For those of you just tuning-in, today is “Tim Tebow day” here at DennyBurk.com. We’ve come across yet another conversion story that we thought you would like to see.
ESPN’s Stephen A. Smith has been a relentless critic of Tim Tebow and has resisted all the evidence to the contrary until now. After Tim Tebow went to 7-1 yesterday, Smith has finally changed his tune. Smith compared his former unbelief to Pharoah, and he says that he has now been humbled. I guess that means that yesterday’s game was like the tenth plague. This is a remarkable conversation. Watch above.
3 Comments
Chris Tolbert
I love it!
Matt Svoboda
“All he does is win.” What was said about Vince Young not that long ago.
I wonder what will become of Tebow.
I think he will have a perfectly decent “Chad Pennington” type of career. Suitable starter, for the most part, and with a weak enough schedule and good enough defense he will be able to make the playoffs (like this year).
RD
Tim has certainly provided for some exciting football this year!

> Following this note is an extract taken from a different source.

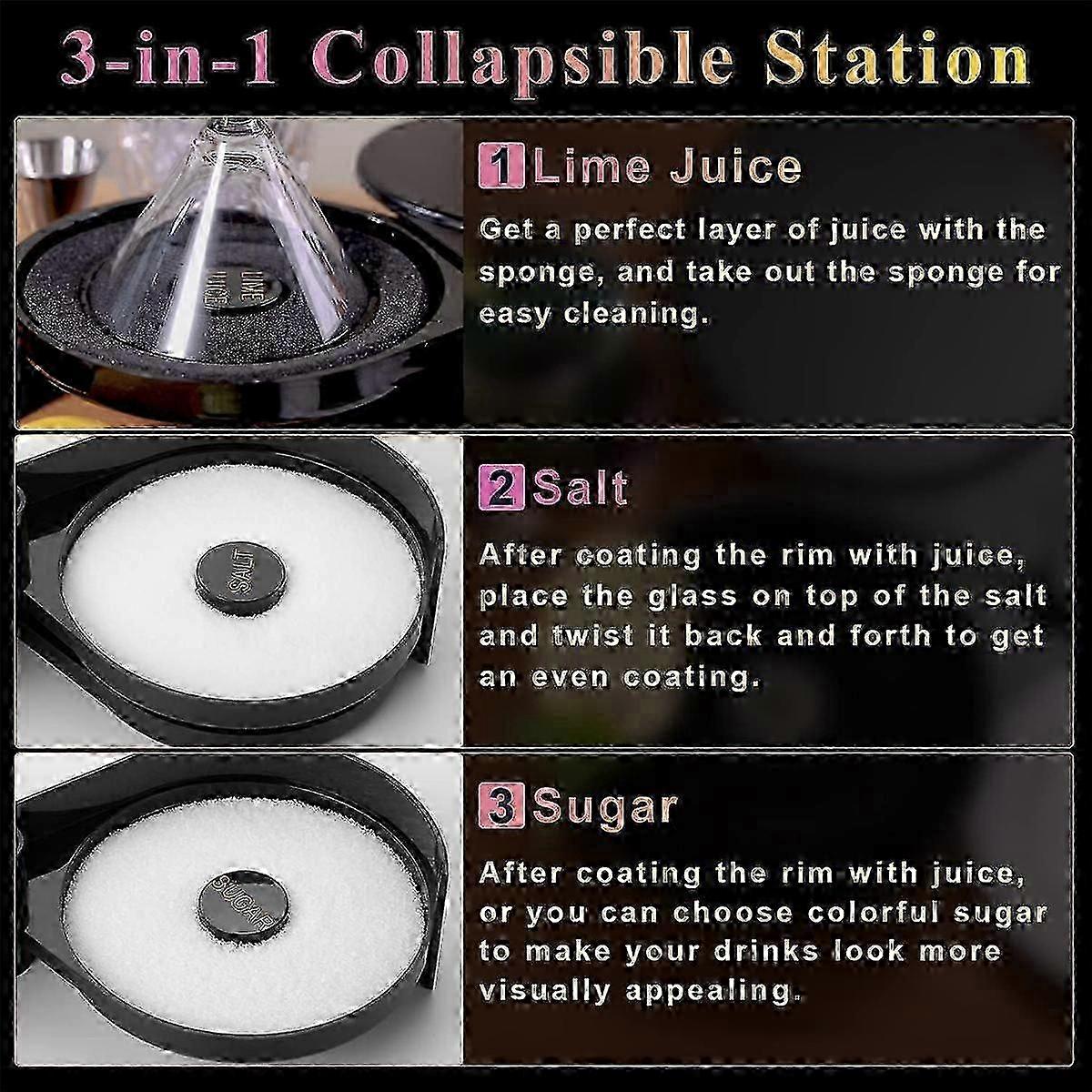 Salt Rimmer Set with Three Sponges, 3-Tier Glass Rimmer Dish Suitable for Cocktail Use, Ideal for Various Drinks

However, I’m concerned, somewhat, about the message all of this might be sending. It seems that we are getting behind a message that implies that the only way God is validated as authentic in our culture is when God is performing some type of miracle for the world to see (that includes last minute/OT wins in football games). What if Tim had come in as the starter and lost the last 5 games?
Overtly linking our Christian faith to job performance can be tricky, sometimes misleading and, often, discouraging. Two Christian farmers, for example, might have two different needs with regard to their crops. One might need rain desperately. The other might have had so much rain that his crops are in danger of failing. Both pray their prayer of need. If it rains steady for three days, is the Christian witness of the man whose crops get ruined because they are now water-logged negated? Is God’s reality understood only in the experience of the farmer who needed rain?